Con cada palabra pronunciada había calcinado literalmente sus posibilidades de ser noticia, ganar premios, cobrar fama y tal vez hacerse rico, Michael lo sabía perfectamente. Todo se desvanecía en el aire.

– Pero tengo más material de primera: una factoría ballenera abandonada, el último tiro de trineos de la Antártida, una tormenta estremecedora en el cabo de Hornos. Hay toneladas de material.

– Genial, Michael, es genial. Ya hablaremos tú y yo después del día 1, en cuanto hayas vuelto. Entonces podrás enseñarme lo que tienes de verdad.

– Dalo por hecho -contestó Michael, que evaluaba en silencio el daño causado a su carrera. Había tomado uno de esos momentos cumbre y le había prendido fuego.

– ¿Te sientes bien?

– Claro.

– ¿Y cómo va lo de Kristin? ¿Ha habido algún cambio?

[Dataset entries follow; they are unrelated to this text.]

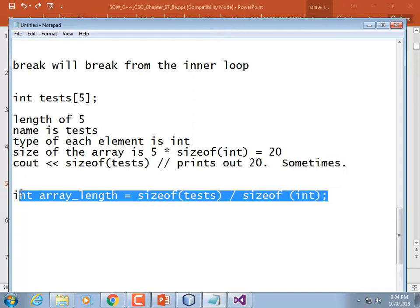If you define your array in main and then call a function like sum_array and pass the array to it, that function cannot use sizeof to determine the size. Once you pass the array to a function, only the code in the same scope where the array was defined can call sizeof on it — which is really aggravating.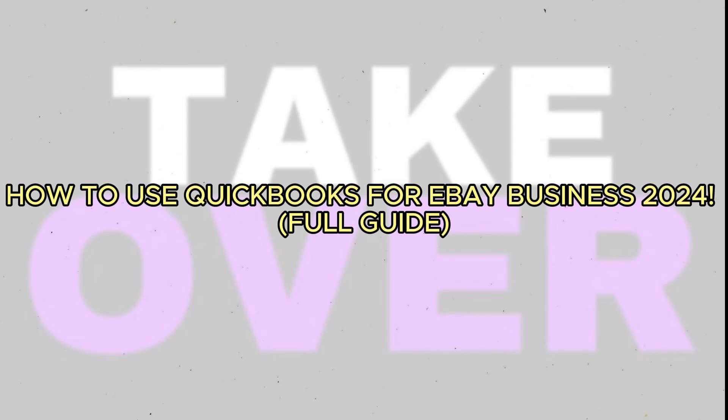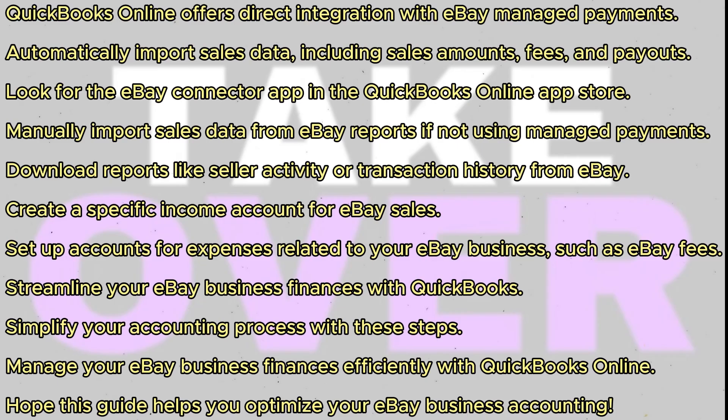Using QuickBooks for your eBay business is straightforward. Let's walk through the process. QuickBooks Online offers seamless integration with eBay-managed payments, allowing you to automatically import your sales data. This includes details like sales amounts, fees, and payout information. Look for the eBay Connector app within the QuickBooks Online App Store.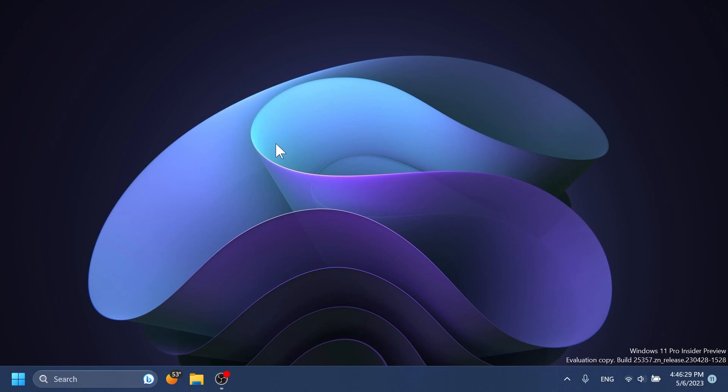In this video we're going to talk about what is new and what has changed in this newest Windows 11 Insider Preview build for the Canary channel. We're also going to mention some features that were removed temporarily from this version.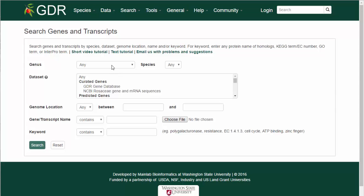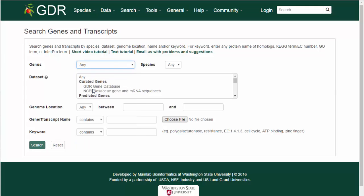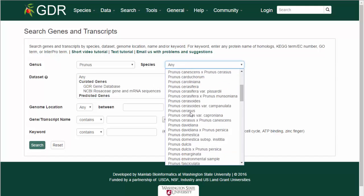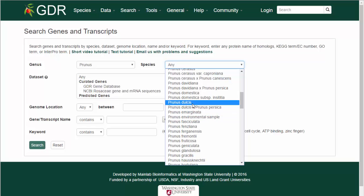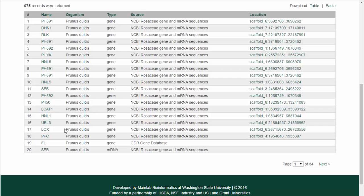The search can be limited to a certain genus and species. Once a genus has been selected, the species list will be populated, and then a species selection can be made. Once the selections are made, hit Search, and the results are returned as a table with hyperlinks to more info.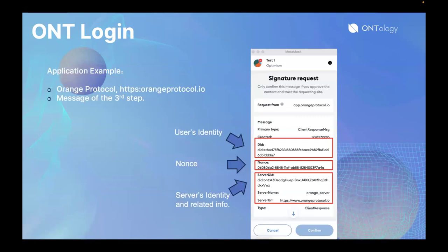This is an application example from Orange Protocol. It shows the message of the third step — the message the user can perceive — which includes the user's identity, service identity, and analysis for replay resistance and other information. It is worth noting that in this example, this step only does authentication, but if the wallet supports it, it can do authorization together.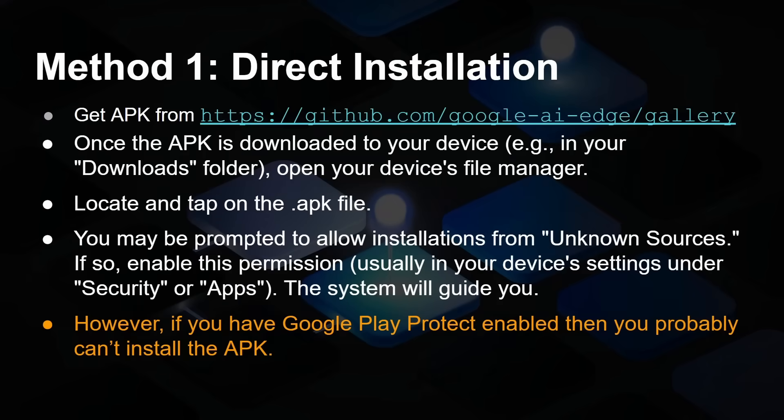Now, installing this new app can be a bit tricky. It's not available on the Play Store. What you have to do is go over to Google's GitHub repository and download the APK file. You may have a chance that you can find the APK file in a file explorer on your Android phone, tap on it, and it will say you can install this from an unknown source. It will guide you through. However, if you have Google Play Protect enabled, which is what actually happened on my phone, then you won't be able to install it. It will say this is not from the Google Play Store, you're not allowed to do this.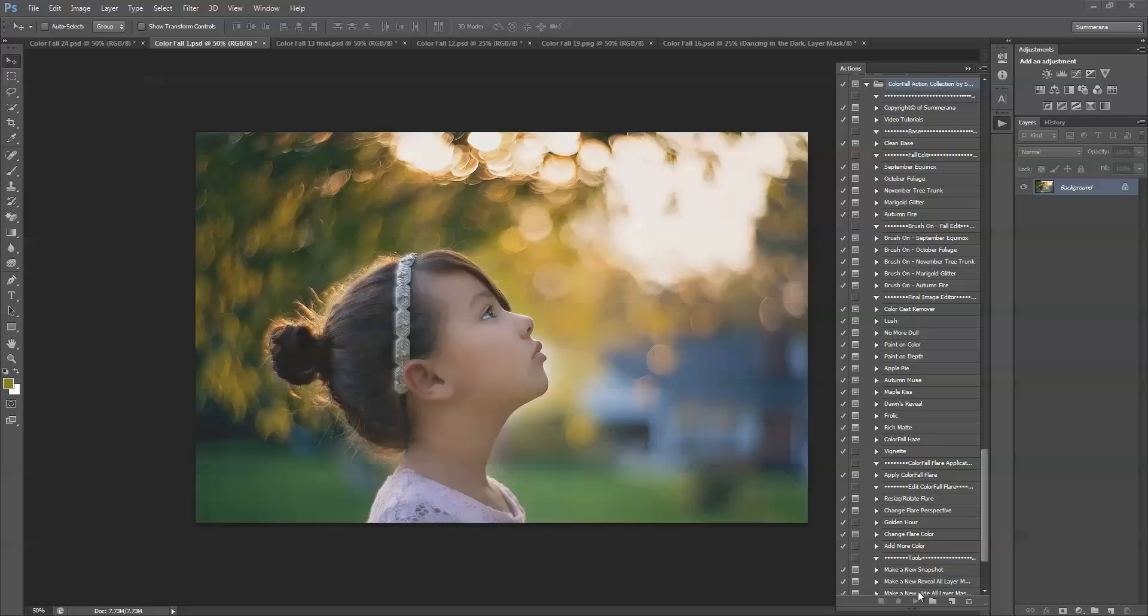Hi, this is Grace Pamela with Samrana.com and this is the preview and tutorial for the Colorfall Action Collection. So here we have our Action Collection.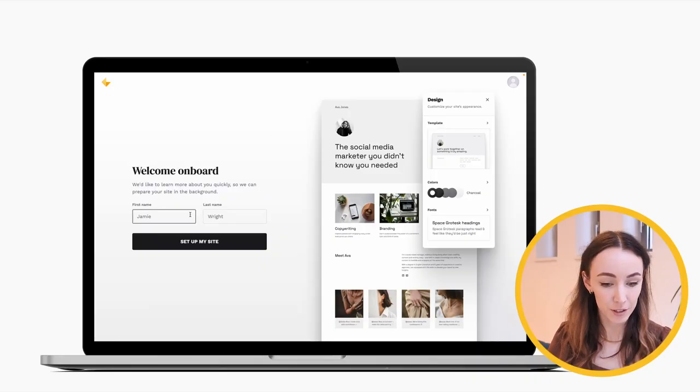We started Copyfolio, our portfolio and website builder for writers, marketers, and social media professionals, almost three years ago and have released a lot of features since then. Today I thought I would show you all of these features so you can get an idea of what you can do with Copyfolio. Let's get started.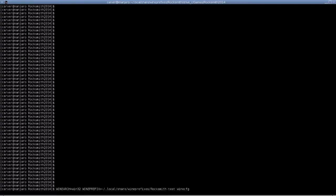Installing Rocksmith 2014 under Wine. It's kind of awkward. I'm going to walk you through it.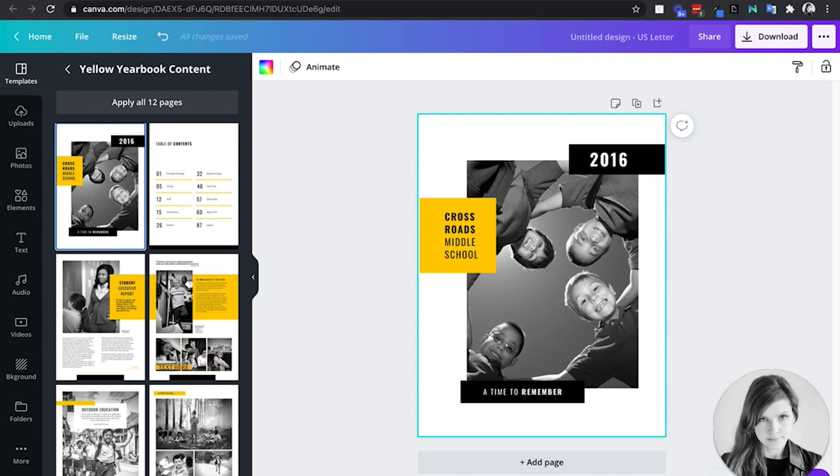Idea number two, for social studies. Obviously, yearbooks are time-related. This could be a great way for students to document a historic event. It is important to keep the tone and the significance of that event in mind when using this as a project option.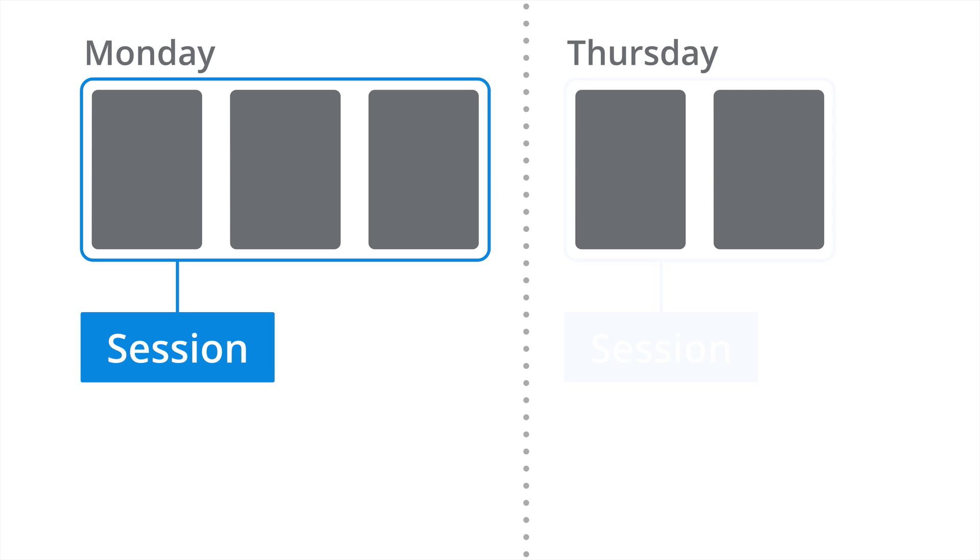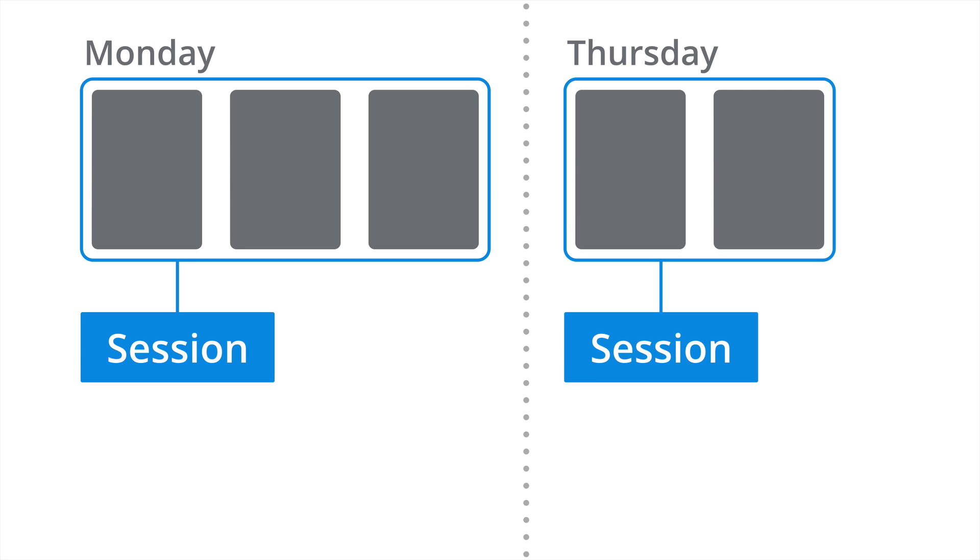The same happens on Thursday. So we have two page views combining into a session.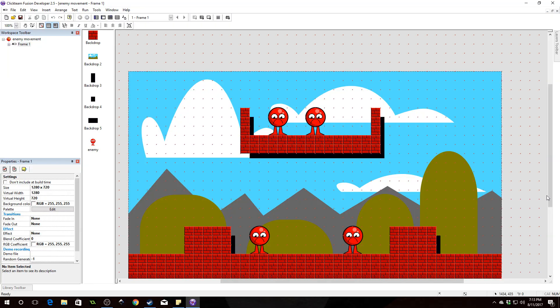Today we're going to be learning how to make platformer enemy movements. I know I've done this before, but this one is different — they're going to have gravity, the ability to jump, and they don't use detectors of any sort. They are fully self-contained. We might also add some more behavior. Right now we're just going to make sure they can walk back and forth and turn around when they hit an obstacle. They can also jump and change speeds.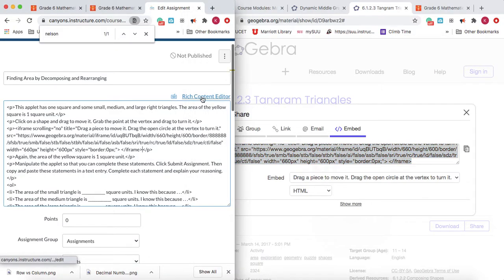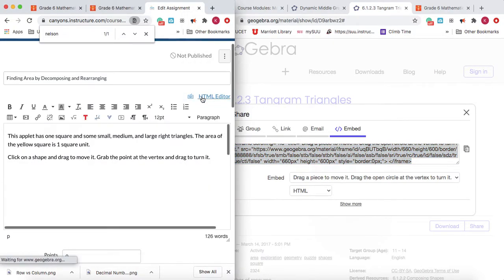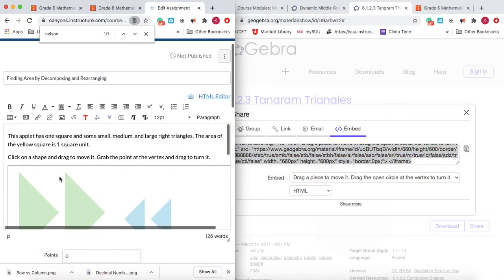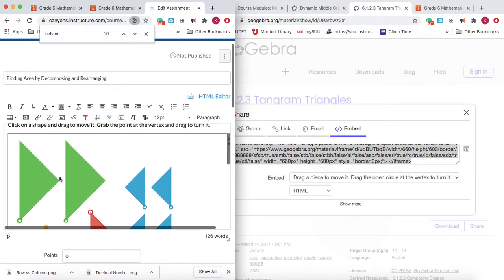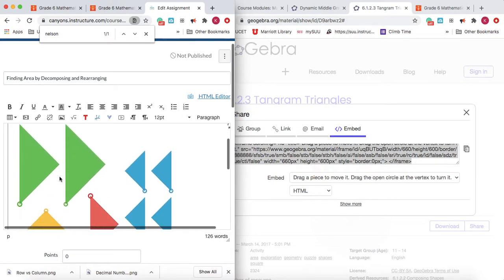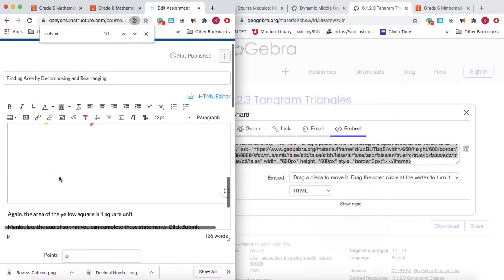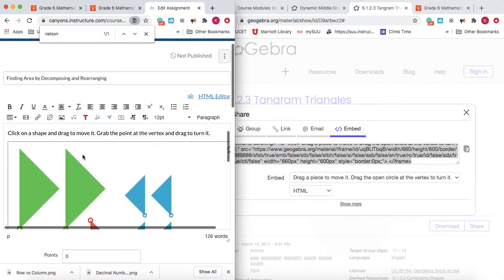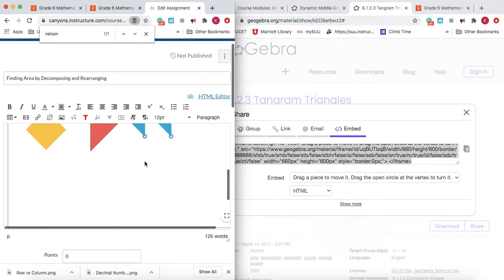Now when I click the Rich Content Editor you'll see that the applet is embedded in the assignment, so that way you don't have to have a hyperlink and then they have to go to another website and then come back to your assignment.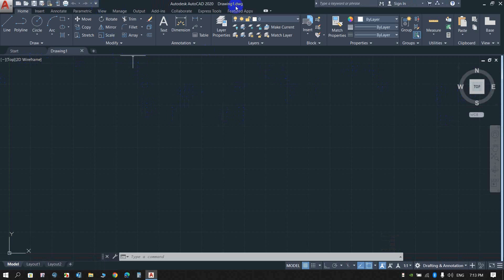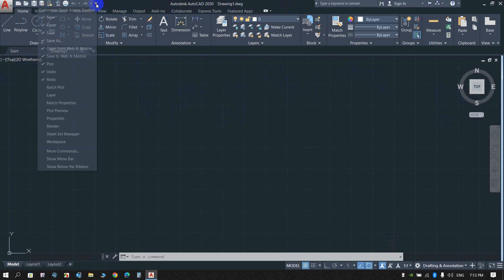You can switch to the classic workspace. In AutoCAD 2007, the interface is now ready to use.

Cazó al vuelo por dónde iba Gillespie. El editor sospechaba que la duración excesiva de la tragedia empezaba a hacerle mella y comenzaba a desquiciarle. Odiaba tener que explotar semejante situación, pero la aprovechó sin vacilar.

– Kristin ha muerto.

– Oh, mierda. Deberías haberlo dicho antes.

– Ya ves, entre eso y las extrañas condiciones de vida que hay aquí abajo, pues la verdad: estoy hecho polvo.

Se aseguró de confiar a su tono de voz una nota que ratificase que era así.

– Escucha, lamento de veras lo de Kristin.

– Gracias.

– Pero al menos sus padecimientos se han acabado, y los tuyos, también.

– Supongo.

– Bueno, vale, ahora tómatelo con calma y no fuerces las cosas. Ya hablaremos dentro de un par de días o así…

– Claro.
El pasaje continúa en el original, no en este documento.